Il primo e più evidente sintomo di ricchezza ingiusta è quella cercata e ottenuta con lo sfruttamento del povero e del debole. Gesù lo grida con forza: «Guardatevi dagli scribi, che… divorano le case delle vedove» (Mt 23,23), ponendosi sulla scia dei profeti, come Amos: «Ascoltate questo, voi che calpestate il povero
e sterminate gli umili del paese… Il Signore lo giura: “Certo, non dimenticherò mai tutte le loro opere”».
Ci sono, però, forme di disonestà più sottili e ingannevoli nelle quali è più facile cadere.

È ingiusta quando tarpa le ali.
Il pio giovane, esecutore scrupolosissimo di tutti i comandamenti, al «vieni! Seguimi!» di Gesù: «se ne andò, triste; possedeva infatti molte ricchezze» (Mt 19, 16-22). Gli bastava una vita senza slanci, appiattita sulle molte ricchezze, alla sequela di un altro padrone. Commenta Gesù: «Nessun servitore può servire due padroni… Non potete servire Dio e la ricchezza». «Perché, dov'è il tuo tesoro, là sarà anche il tuo cuore» (Mt 6,21).

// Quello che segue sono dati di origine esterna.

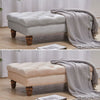 Footstool Velvet Chesterfield Ottoman Bench Pouffe Sofa Foot Stool Coffee Table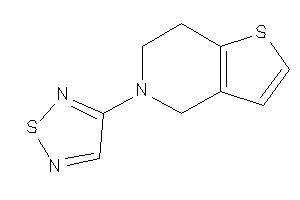 Image of 5-(1,2,5-thiadiazol-3-yl)-6,7-dihydro-4H-thieno[3,2-c]pyridine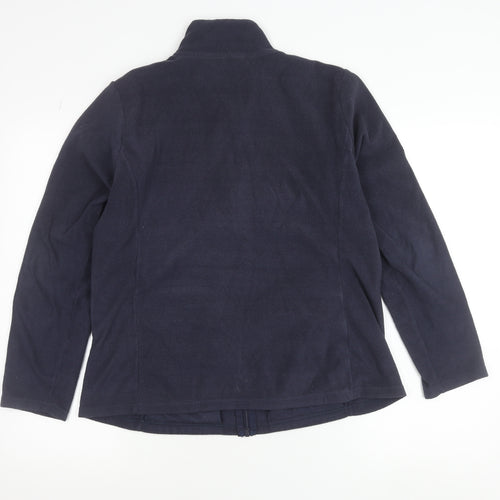 Dunnes Women's Blue Fleece Full Zip Jacket Size M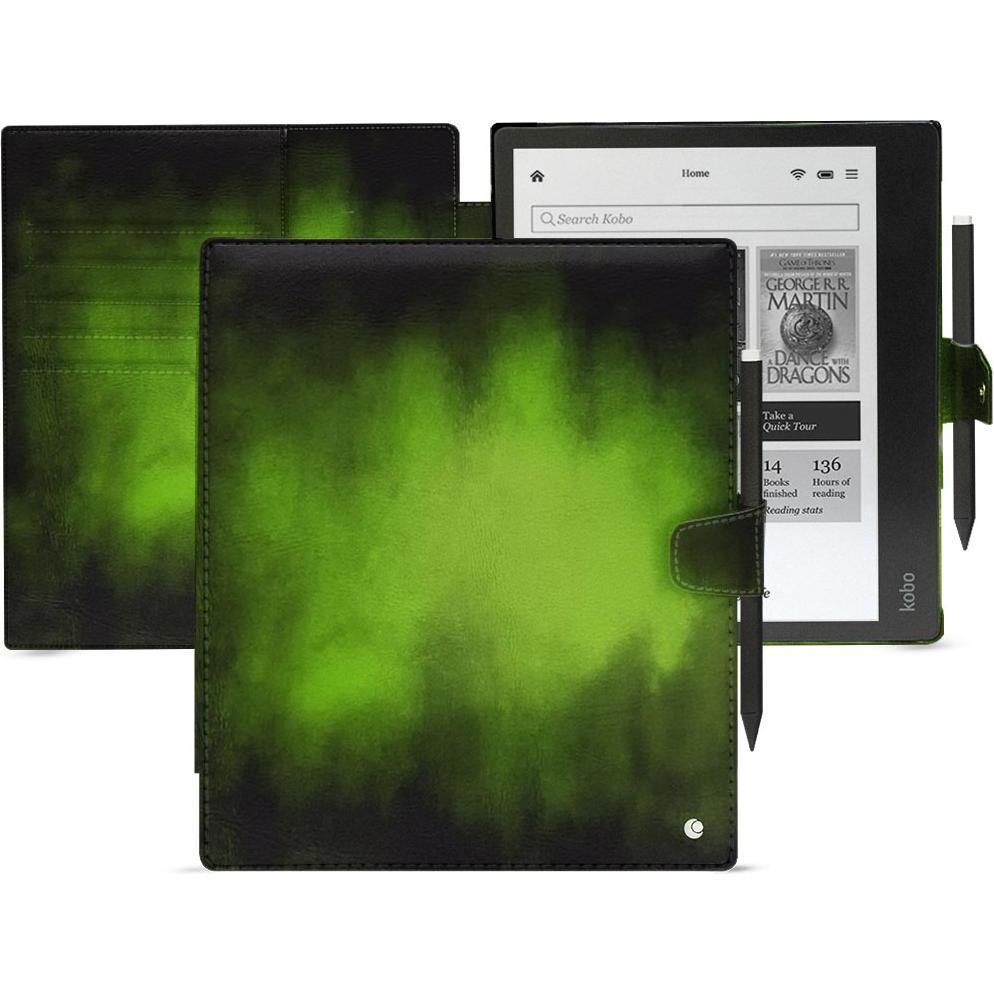 Bild von Noreve Lederschutzhülle Kobo Elipsa 2E (Kobo Elipsa 2E), Tablet Hülle, Grün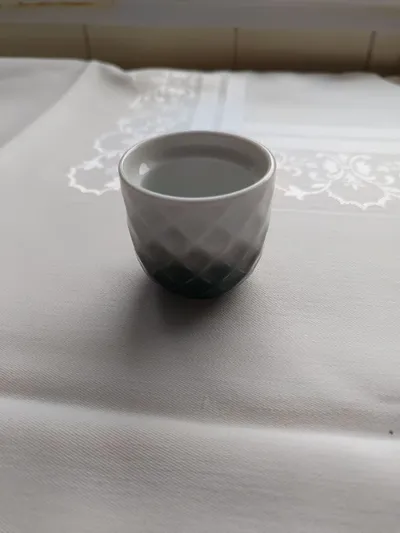 Thomas Porzellan Trinkbecher Geometrisch Grau Modern 5 cm Höhe
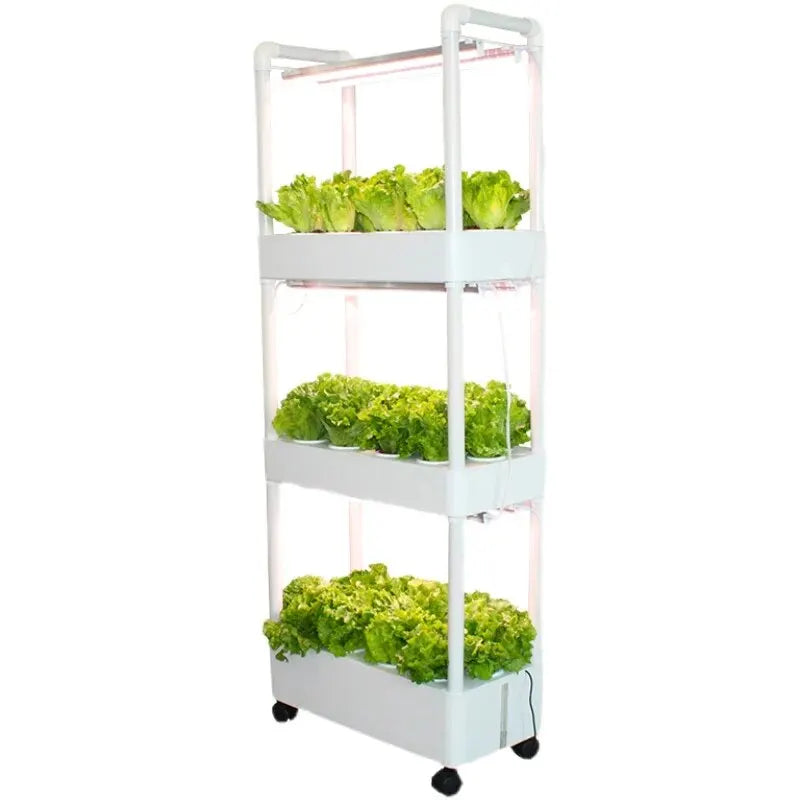 Hydroponics Growing System Indoor Garden Kit - 3 Layers 42 Pods with LED Light for Vegetables Strawberries & Herbs
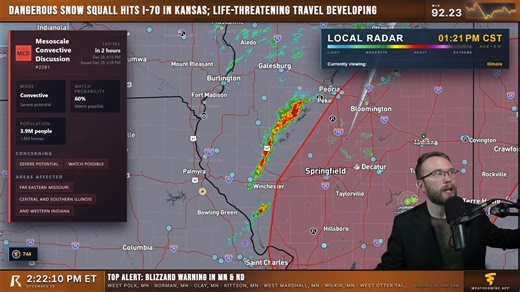 We are LIVE NOW tracking a new severe weather threat developing in Missouri, Illinois, and Indiana. A Tornado Watch is likely coming soon for millions of people. Storm chasers are on the ground intercepting storms right now. Tune into the stream for full coverage. https://www.youtube.com/watch?v=ErWPNZ1IsDc | Ryan Hall, Y'all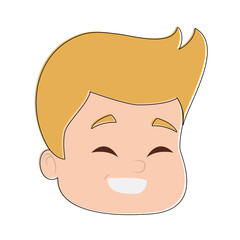 Cute boy cartoon vector illustration graphic design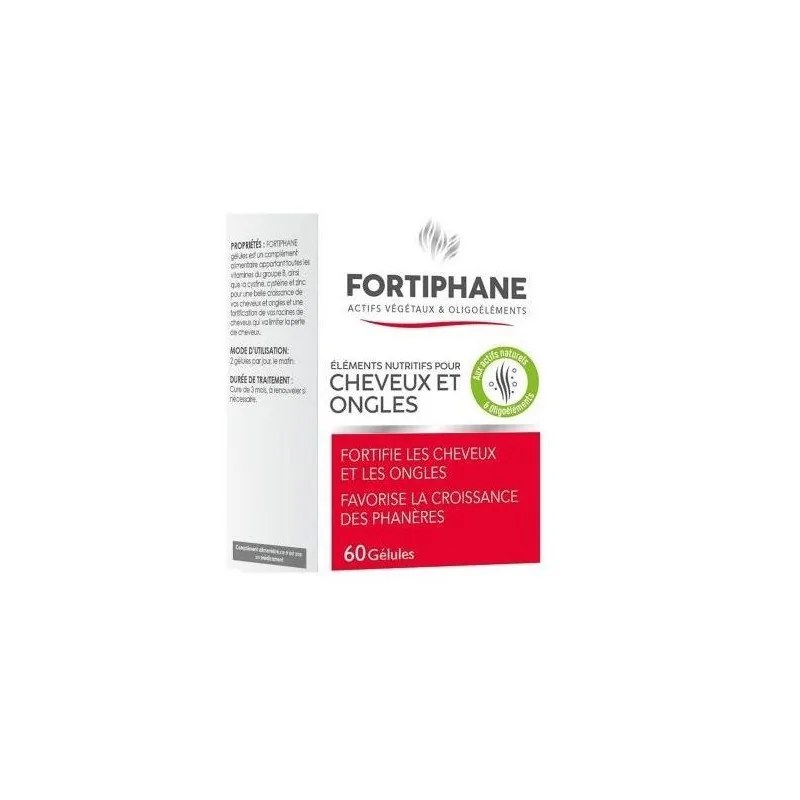 FORTIPHANE  FORTIPHANE 60 GÉLULES CHEVEUX FRAGILES & ONGLES CASSANTS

È ingiusta quando diventa “cupidigia”.
La smania di ammucchiare, fa perdere il senso della vita. L’icona è il ricco stolto che, già ricco e possedendo molti beni, vuole ingrandire i suoi magazzini, illudendosi che la ricchezza gli avrebbe assicurato la bella vita per sempre. Ammonisce Gesù: «Fate attenzione e tenetevi lontani da ogni cupidigia perché, anche se uno è nell'abbondanza, la sua vita non dipende da ciò che egli possiede» (Lc 12,16-21). È frequente questo tipo di ricchezza disonesta? Basta chiederlo a quelle venti persone che posseggono il novanta per cento della ricchezza mondiale.

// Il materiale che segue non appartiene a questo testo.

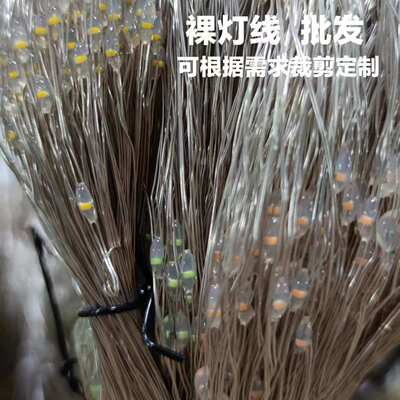 LED铜线灯裸线灯线圣诞树装饰铜丝灯节庆装饰灯线蛋糕花束装饰灯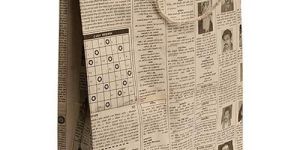 EcoFriendly Newspaper Bags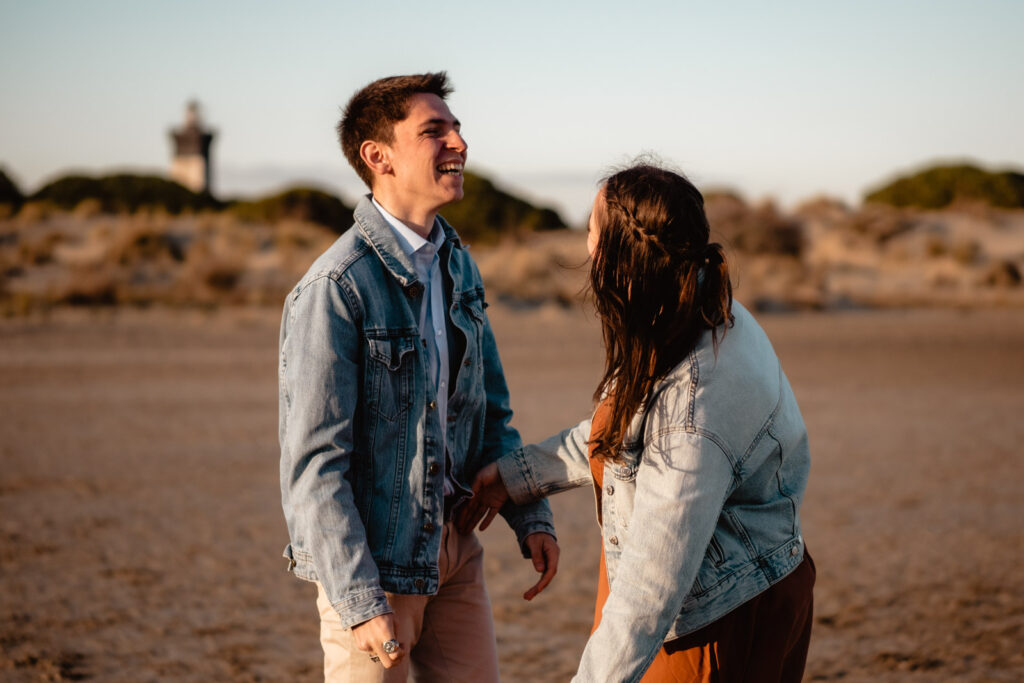 Montpellier -Séance photo couple à la plage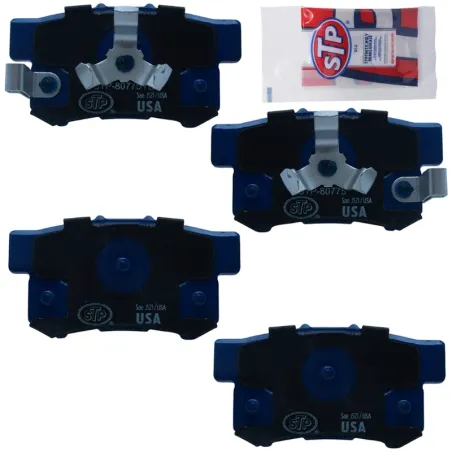 Juego Pastillas Freno Honda Accord CRV F22A K24A1 K24Z-1 POS Ceramica STP stp-Juego Pastillas Freno Honda Accord CRV F22A K24A1 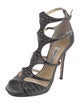 Jimmy Choo Leather Printed Gladiator Sandals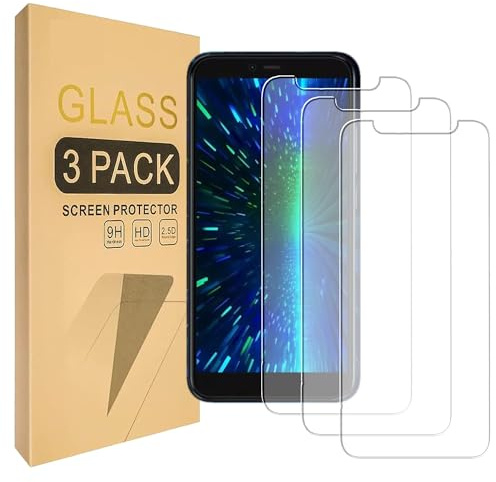 Lucyliy [3 paquetes] Compatible con Piezas para Xiaomi Redmi 5 Plus Protector de pantalla [Dureza 9H ] [Alta definición] [Antiarañazos]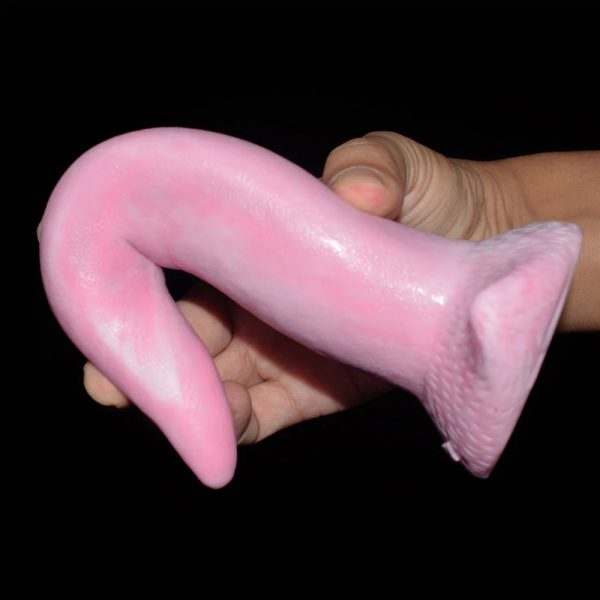 New Anal Plug Realistic  Skin Feel Tongue Butt Plug G-Spot - Image 4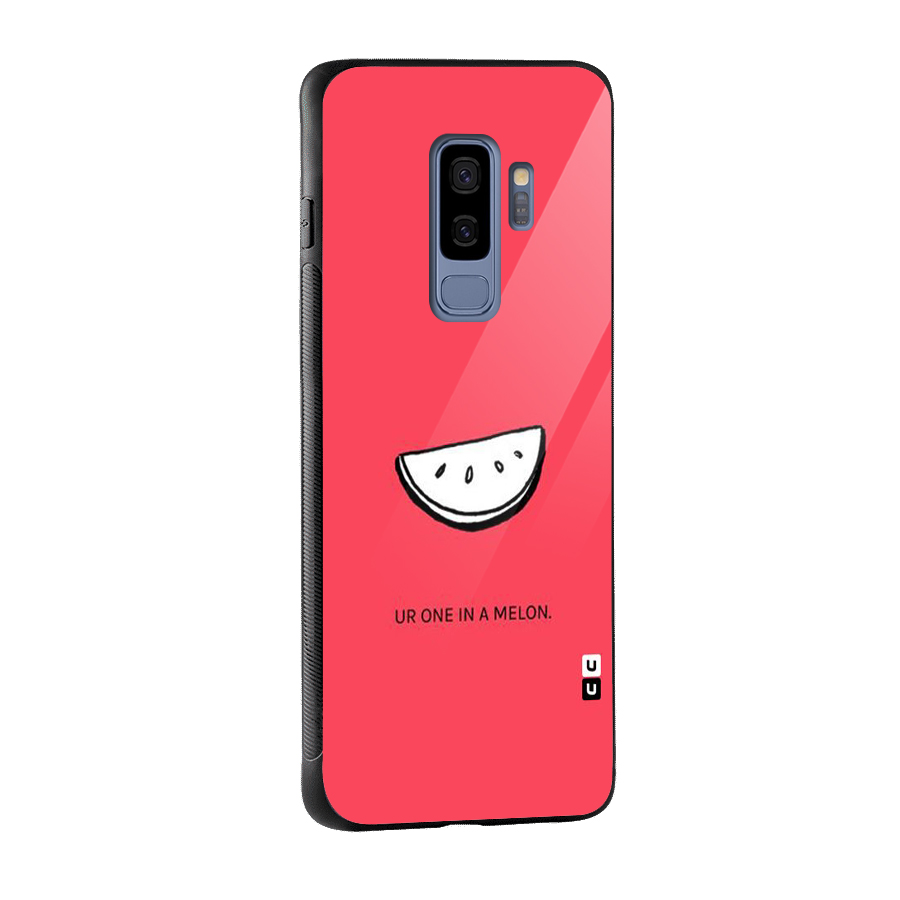 One In Melon Glass Back Case for Galaxy S9 Plus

È ingiusta quando chiude gli occhi sugli altri.
C’è un altro testimone esemplare della ricchezza ingiusta, è il ricco che, in abiti «di porpora e lino finissimo», passa la vita tra «lauti banchetti». I «tormenti degli inferi» non gli arrivano perché era ricco, per i vestiti da boutique e i lauti banchetti, ma perché la ricchezza gli aveva tappato gli occhi, tanto da non vedere quel poveretto che stava ogni giorno alla sua porta (Lc 16,20-21).

La ricchezza onesta è la condivisione

C’è una alternativa all’uso disonesto della ricchezza? Certamente! È di nuovo Gesù a indicarla: «fatevi degli amici con la ricchezza disonesta, perché, quando questa verrà a mancare, essi vi accolgano nelle dimore eterne». La vita con tutto ciò che la compone: qualità, attitudini, capacità fisiche e spirituali… è la nostra onesta ricchezza. Essa diventa disonesta se assurge a padrone, se fa perdere il senso della vita, se chiude gli occhi e il cuore sui “Lazzaro” alla nostra porta, proprio quelli che, quando arriveremo nelle «dimore eterne», avranno in mano i biglietti di ingresso.